The answer should be every line below, repeated exactly, with the images left out.

Start of DATA EXCERPT

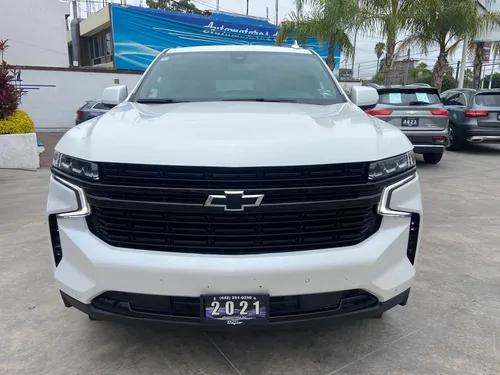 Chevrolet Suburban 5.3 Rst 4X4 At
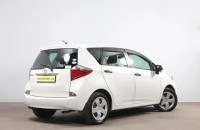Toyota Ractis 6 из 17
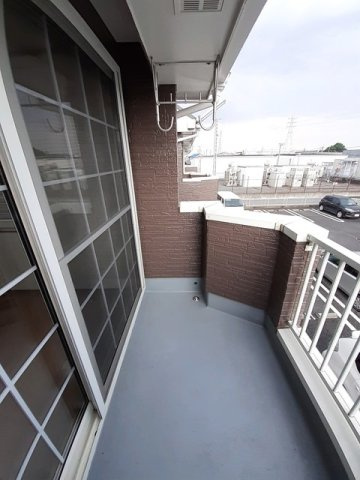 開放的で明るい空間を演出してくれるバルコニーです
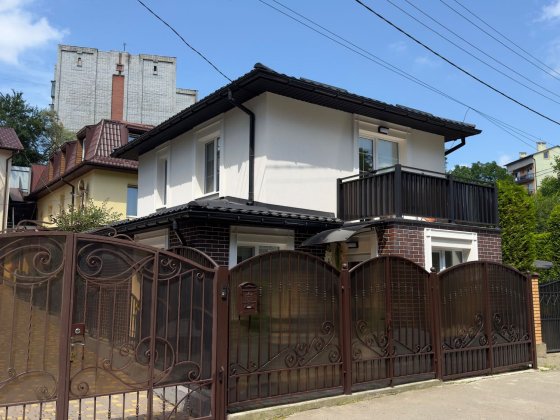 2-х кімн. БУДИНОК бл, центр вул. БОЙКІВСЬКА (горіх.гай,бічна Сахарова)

End of DATA EXCERPT

## RESPONSE BELOW:
 Chevrolet Suburban 5.3 Rst 4X4 At
Toyota Ractis 6 из 17
 開放的で明るい空間を演出してくれるバルコニーです
 2-х кімн. БУДИНОК бл, центр вул. БОЙКІВСЬКА (горіх.гай,бічна Сахарова)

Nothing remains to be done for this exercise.